Paper No. 186-10
Presentation Time: 9:00 AM-6:30 PM
THE GEOLOGICALLY YOUNGEST METHANE SEEP IN THE LATE CRETACEOUS WESTERN INTERIOR SEAWAY
During the Late Cretaceous most of North America was covered in a broad, shallow epicontinental seaway (the Western Interior Seaway) littered with cold-methane seeps. These unique environments were most common during the middle and late Campanian time period and are concentrated in the northern part of the seaway in modern Montana, Wyoming, and South Dakota. We present the first known occurrence of methane seeps in the lower Maastrichtian Baculites baculus ammonite range zone of the Pierre Shale, which represents the geologically youngest occurrence of such deposits in the Western Interior Seaway.
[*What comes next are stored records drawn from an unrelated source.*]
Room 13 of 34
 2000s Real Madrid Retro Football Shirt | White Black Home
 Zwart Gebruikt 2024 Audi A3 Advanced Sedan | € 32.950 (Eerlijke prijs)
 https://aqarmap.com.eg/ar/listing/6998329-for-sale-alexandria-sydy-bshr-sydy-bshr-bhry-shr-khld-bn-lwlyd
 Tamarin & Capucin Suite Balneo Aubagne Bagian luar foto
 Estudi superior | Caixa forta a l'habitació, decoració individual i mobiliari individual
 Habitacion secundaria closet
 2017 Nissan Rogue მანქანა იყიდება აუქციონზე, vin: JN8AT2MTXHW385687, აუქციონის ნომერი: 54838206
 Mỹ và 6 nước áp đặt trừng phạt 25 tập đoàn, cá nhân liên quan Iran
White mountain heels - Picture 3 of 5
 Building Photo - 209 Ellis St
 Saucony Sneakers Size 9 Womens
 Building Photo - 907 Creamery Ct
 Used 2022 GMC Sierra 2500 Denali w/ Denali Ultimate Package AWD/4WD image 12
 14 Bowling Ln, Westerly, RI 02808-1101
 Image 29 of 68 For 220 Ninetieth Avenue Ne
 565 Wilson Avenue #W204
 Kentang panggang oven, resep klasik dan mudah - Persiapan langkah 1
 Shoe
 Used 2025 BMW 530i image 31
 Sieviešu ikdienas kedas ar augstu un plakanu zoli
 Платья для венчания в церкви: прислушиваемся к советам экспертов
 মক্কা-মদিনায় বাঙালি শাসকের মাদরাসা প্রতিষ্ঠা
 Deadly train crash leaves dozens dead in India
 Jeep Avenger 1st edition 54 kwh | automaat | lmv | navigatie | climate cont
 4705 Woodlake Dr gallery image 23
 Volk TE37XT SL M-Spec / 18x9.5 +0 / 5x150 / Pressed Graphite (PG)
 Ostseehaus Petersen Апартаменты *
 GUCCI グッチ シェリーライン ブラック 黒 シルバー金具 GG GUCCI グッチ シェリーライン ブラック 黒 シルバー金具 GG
The seeps outcrop on the Cedar Creek Anticline in east central Montana. The exposed deposit we focused on (AMNH locality 3911) is a 2.00 m wide and 2.71 m high massive vesicular limestone that contains a rich invertebrate macrofossil fauna. The dominant faunal element is a species of lucinid bivalve (Nymphalucinia occidentalis) which is found alongside additional bivalves, gastropods, scaphitid and other heteromorph ammonites, isolated ammonite jaws, scaphopods, and echinoids. There are a total of 40 identifiable species in the seep deposit, 17 of which are epifaunal, 19 infaunal, and 4 nektic/nektobenthic. Unlike many older Campanian seep deposits, inoceramid bivalves are a rare component of the fauna at this site. Baculitid ammonites are also absent at the seep, and very rare in the non-seep shale deposits at the same stratigraphic horizon. The seep also differs from older examples in the absence of seep-associated concretions (SAC’s) around the main carbonate mass. The combination of vuggy limestone and a fauna with high numbers of winged gastropods, flat epifaunal bivalves, and lack of encrusting organisms indicates a muddy seafloor that likely inhibited low surface area epifauna. The highly vesicular texture of the carbonate mass, absence of SAC’s, and the fragmented taphonomy of the preserved fauna could also indicate rapid burial and a high rate of methane flux at this site. An overall change in lithology from shale to siltstone containing less organic matter may explain the disappearance of methane seeps above this stratigraphic level on a regional scale, as the coarser sediments may not have promoted the canalization of methane emissions.